Today most peoples perception and idea of ghosts stems from the reaction of the late eighteenth and early nineteenth-century Romantics against the advances made in science and the Age of Rationalism. The Romantics response against forward-thinking philosophies, unleashed firstly by the Renaissance and the Reformation, and subsequently by ideas and values which were fuelled by advances in knowledge, was to retreat into the world of the imagination. Education and technology had freed Mans mind from the tyranny of ignorance, but spiritually had left him with nowhere to go. Rationalism had robbed him of his mystical safe haven, and the needs of a changing world cast him into an industrial hell hole from which the only escape was the mind. As a rebuff to the cold hard reality of science, the writers of the period such as Horace Walpole, William Beckford, Mathew Lewis and Ann Radcliff populated their Gothic novels with ghosts, monsters and fantastical creatures which lurked and roamed within ruined abbeys, labyrinthine castles, dripping dungeons and moonlit graveyards.
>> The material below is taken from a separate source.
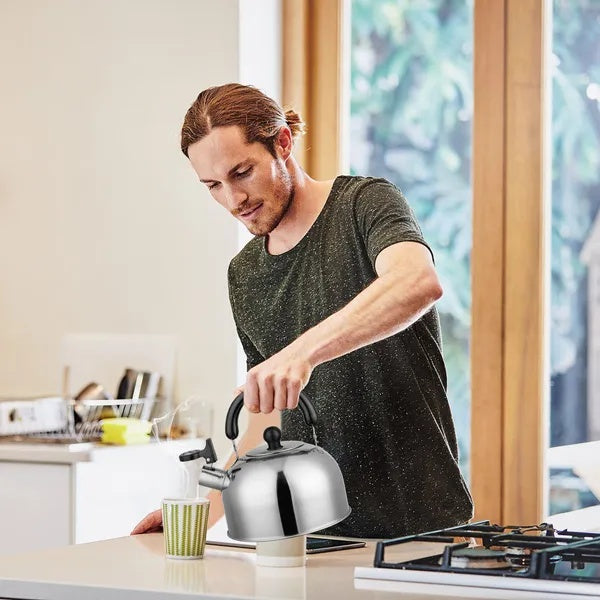 2.1Quarts Stainless Steel Whistling Tea Kettle Stovetop Induction Gas Teapot With Insulated Handle Camping Kitchen Office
Supernatural fiction was the antidote to the banality of everyday existence and the fear that science would destroy Mans need for the supernatural. But, of course, the fictional ghost and those things which genuinely do go bump in the night are two completely different things.

Ironically, 200 years on from the Romantics hatred of science and rejection of the Age of Reason, modern-day scientists have moved that bit closer to establishing that ghosts, far from being romantic delusions or all in the mind may well represent evidence of the survival of the human personality, albeit in the form of a psychic recording. If there is any truth to the stone tape theory that physical surroundings can absorb an impression of violent or tragic events and later, under a combination of circumstances or conditions and with the right person present, play back these recordings one would certainly expect it to apply to many of the paranormal accounts contained in this book. For here the reader will encounter headless ghosts, phantom monks, violent poltergeists, spectral hounds, as well as invisible entities and ghostly children. Some may well be stone tape apparitions; others possibly historical photographic ghosts, atmospheric phantoms or elemental spirits. In some cases the incidents may well be a case of an overactive imagination. Only research and study will eventually help us understand the enigma of ghosts and reveal their true nature, for paranormal investigation is a journey of discovery and I can think of no one better qualified to guide the reader on an exploration of haunted Stevenage than the author of this book, paranormal historian, Paul Adams. I have known Paul for over ten years since we first met at Borley in Essex in September 2003 and to date we have co-authored three books on paranormal subjects together.